Well, at least Democratic corporate hacks in Washington are being a little more honest with us about why they refuse to kill a trade deal with a murderous right-wing regime. It's not about principle, it's about what it's always about - money:
Yet Democrats would have faced unwelcome political consequences for voting to defeat the trade deal. Rep. Jim Cooper (D-Tenn.), who has voted for other controversial trade deals, said Democrats would have faced "pretty bad" political fallout among supporters in the business community had they killed the agreement.
So this is what Democrats meant when yesterday CongressDaily said they thought killing the deal "is not seen as a viable political option" despite polls showing the vast majority of Americans opposing our current trade policy. That's the definition of "politically viable" in D.C.: Not whether or not a position is at odds with the American people, but whether it is at odds with Big Money.

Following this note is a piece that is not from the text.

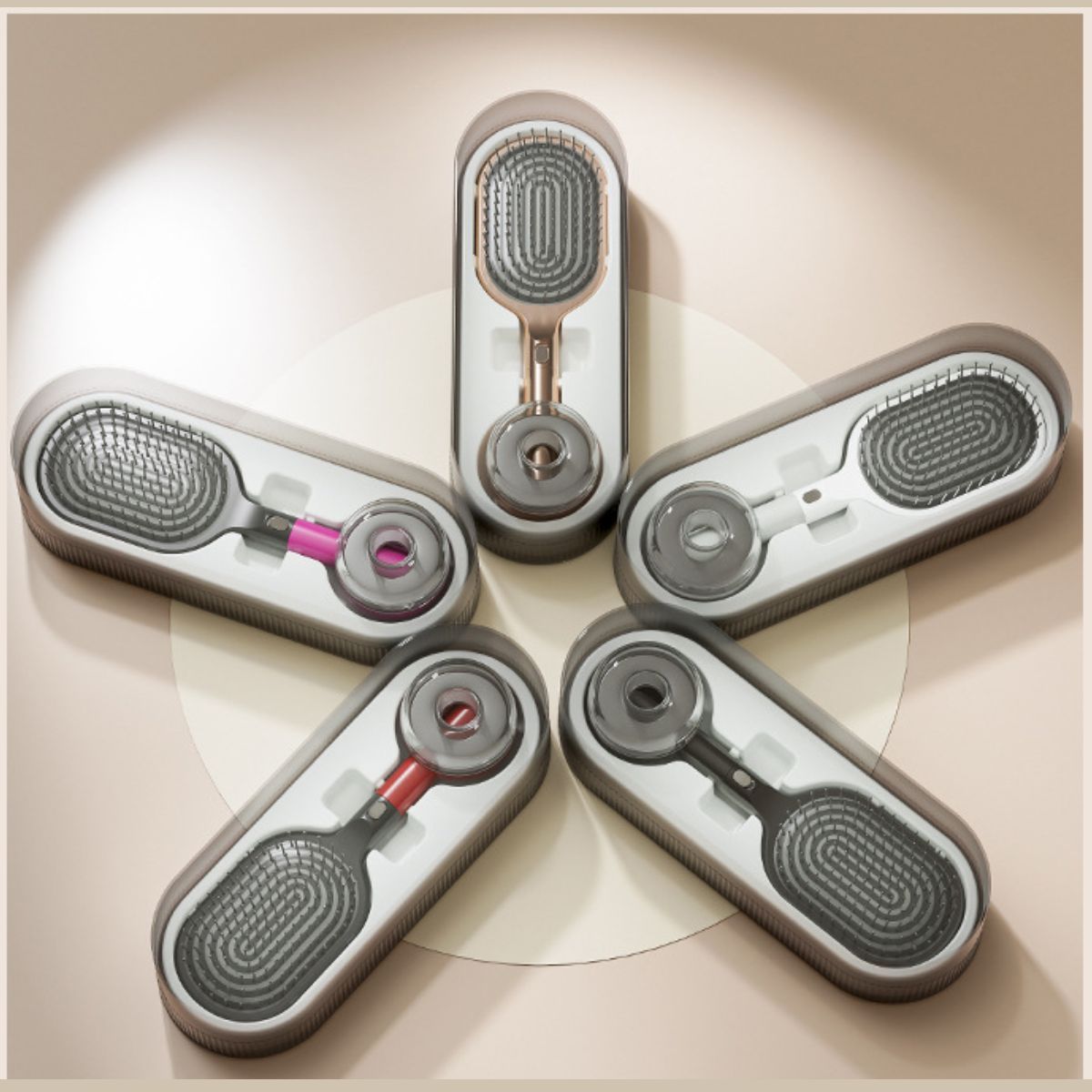 Air Cushion Massage Hair Brush Set with Wall Mount Holder Base - Pink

Rep. Jim Moran (D-VA) was confident that House leaders would schedule a vote on the trade pact in a post-election session, when wavering members would be more willing to support it. "I think there'll be a vote in the latter part of November, or early December," he said, adding it would likely be approved in those circumstances.
More evidence that we're watching some really nasty shenanigans unfold. Here's the real bottom line to this: Right now, even Sen. Max Baucus (D-MT) - Mr. Corporate Hack - is upset at Bush's tactics. In other words, people inclined to support the deal like Baucus are worried Bush's tactics have rankled lawmakers into voting against the Colombia deal - lawmakers who normally would. So the only real reason to delay it - if it is going to be brought up again later - is to pass it, not to reject it.
This is pretty simple legislative logic. Why delay it, rather than seizing the opportunity to kill it right now? My guess: Because the Democratic leadership doesn't want to kill it - they want to pass it in a more electorally-safe way.
Here's one question: Why does there seem to be so much more liberal outrage at what's going on in Tibet or Darfur, than what has long been going on in Colombia? I don't really understand this. Sure the magnitudes might be different, but 2,500 union organizers murdered should generate some really serious outrage. But whenever it comes to labor issues and taking on neoliberals, it seems Left-istan never gets as outraged as other human rights crises. I could be wrong - but that's just my sense.